In addition to clarifying the U.S. attitude to war criminals, Mr. Roosevelt announced that the Allies will not discuss Italian capitulation with any persons definitely known to be Fascists. But we will be willing to accept surrender from any other Italian authority capable of averting anarchy there.

The Allied military purpose, he said, is first to knock Italy out of the war and then to prevent the chaos of anarchy which would force the United Nations to employ large numbers of troops to maintain order. These troops could be used more effectively on the fighting front against Germany.

Raises many questions

Mr. Roosevelt’s statement about bringing war criminals to justice raised many questions as to how it will be received by the neutral countries.

Pointing out that there are rumors that Mussolini may try to escape and that “one day Hitler and his gang and Tōjō and his gang will be trying to escape,” the President added:

I find it difficult to believe that any neutral country would give asylum to or extend prosecution to any of them.

Precedents cited

The President also reiterated the firm determination of the United Nations to punish leaders of the Axis for their crimes against innocent persons.

In the long history of European wars, leaders of lost causes have frequently fled to neutral countries, whose governments have usually adopted the attitude that to give up the refugees on demand would be a violation of the asylum nation’s sovereignty.

Holland thus gave sanctuary to Kaiser Wilhelm II when he fled to that country after Germany’s collapse in World War I.

Leaves little doubt

But Mr.
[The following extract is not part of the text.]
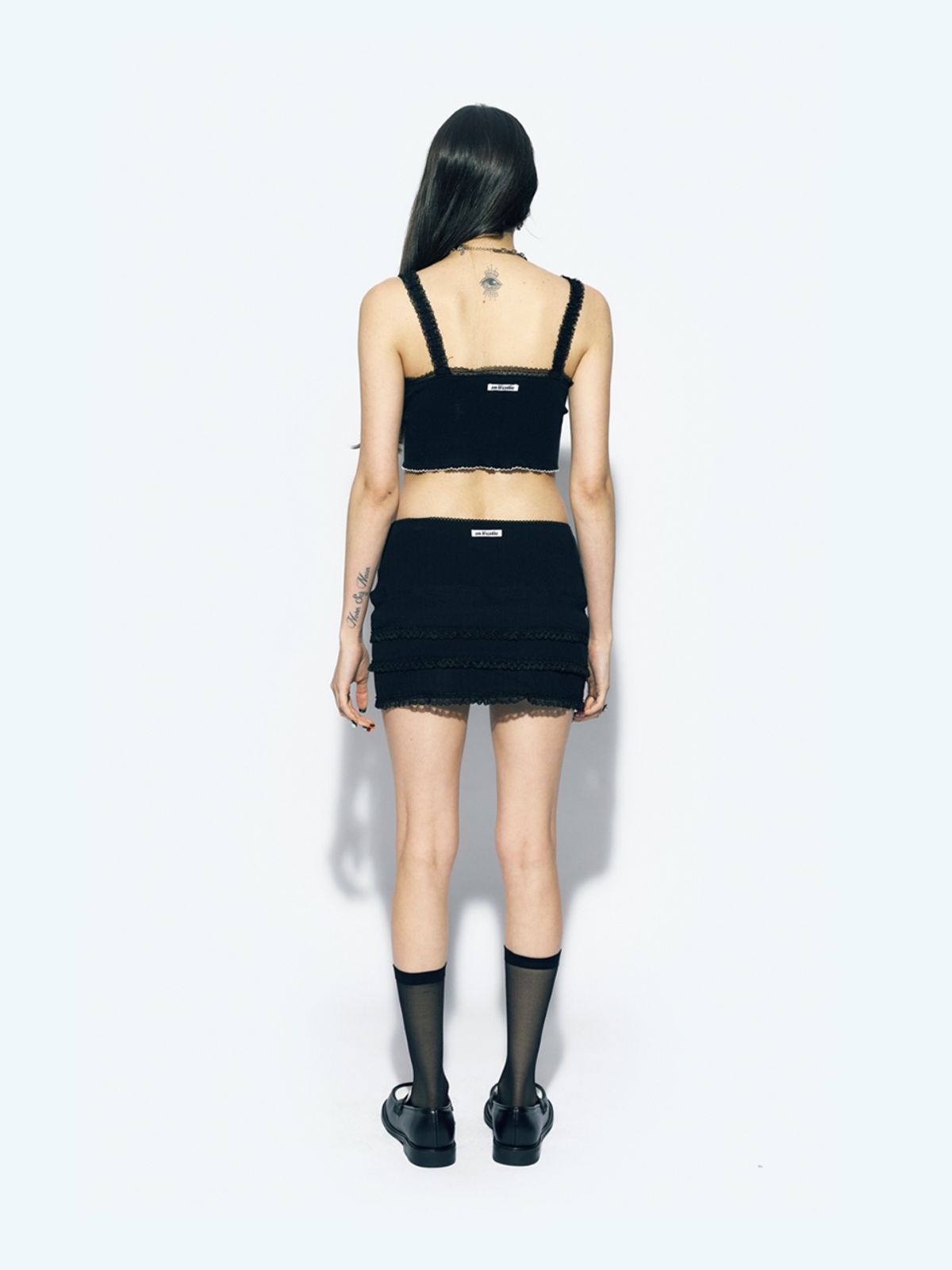 에즈이프 캘리(ASIF CALIE) LACE LAYERED MINI SKIRT BLACK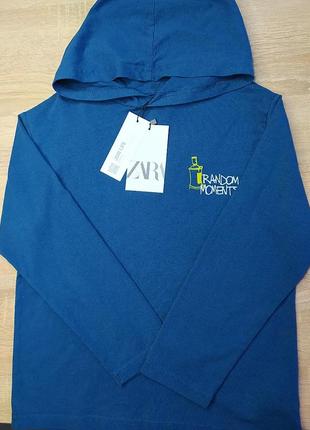 Креативний лонгслів з капюшоном від zara оригінал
Roosevelt’s statement left little doubt that he does not consider this and other precedents valid in this war.

The President did not say what action the United Nations might take against a neutral nation providing refuge for fleeing Nazis or Fascists, but he did declare:

The government of the United States would regard the action by a neutral government in affording asylum to Axis leaders or their tools as inconsistent with the principles for which the United Nations are fighting and that the United States government hopes that no neutral government will permit its territory to be used as a place of refuge or otherwise assist such persons in any effort to escape their just deserts.

There have been many rumors since Mussolini’s resignation that he has fled to Spain, to Switzerland, to Germany.

Under news conference questioning as to whether this government would be willing to deal with the government of Marshal Pietro Badoglio of Italy, the President said he did not care who we dealt with in Italy as long as it was not a definite member of the Fascist Party.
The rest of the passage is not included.